# Hotspot?



## k9capture_16 (Aug 23, 2010)

I noticed today on Lincoln while itching his butt that the fur was clumped. After shaving it down and taking the scab away (the shaver did) this is what was under neath. I myself think its a hot spot. I am using the bottle of Surolan the vet gave me. Its been all cleaned up and everything. Obviously if it doesnt get better in a week I will take him to the vet. He doesnt have them anywhere else on his body and I notice the last week or so he has been constantly biting this spot so thats what I think caused it. So I shaved the area to let it breath and make it easier to apply the cream. I already know what my vet will do. Shave it, give him a cortisone shot, take home prednisone and antibiotics, sell me Science Diet because he will blame it on raw.

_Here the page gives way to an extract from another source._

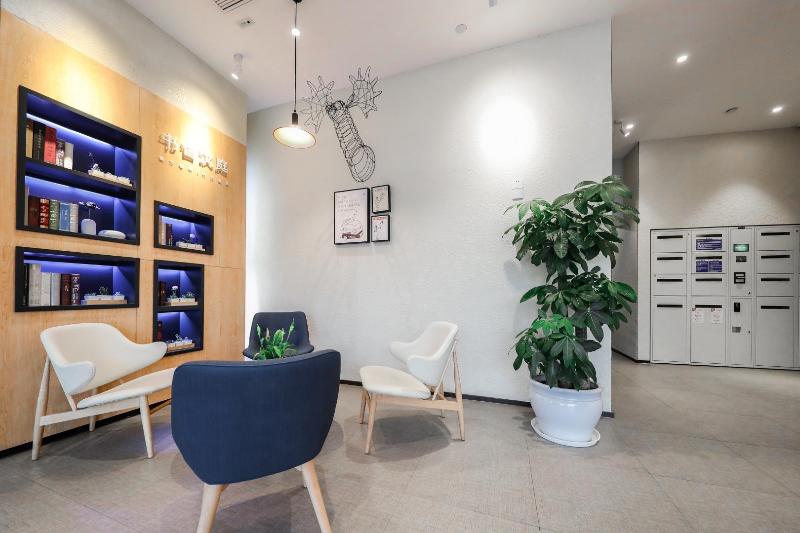 Otel Hanting  Shanghai Songjiang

Should I cover it when out on walks? Or just clean it when I get back?


----------



## malluver1005 (Nov 15, 2009)

I wouldn't cover it when out on walks. Just clean it when you get back. Can he reach that area? If he bites and licks at it, I would go ahead and make him wear the cone-of-shame (e-collar)...I hate it, but it works.


----------



## k9capture_16 (Aug 23, 2010)

I still have his cone of shame from his neuter and when he got his ear repaired. Poor guy I will make him wear it at night.


----------



## malluver1005 (Nov 15, 2009)

k9capture_16 said:


> I still have his cone of shame from his neuter and when he got his ear repaired. Poor guy I will make him wear it at night.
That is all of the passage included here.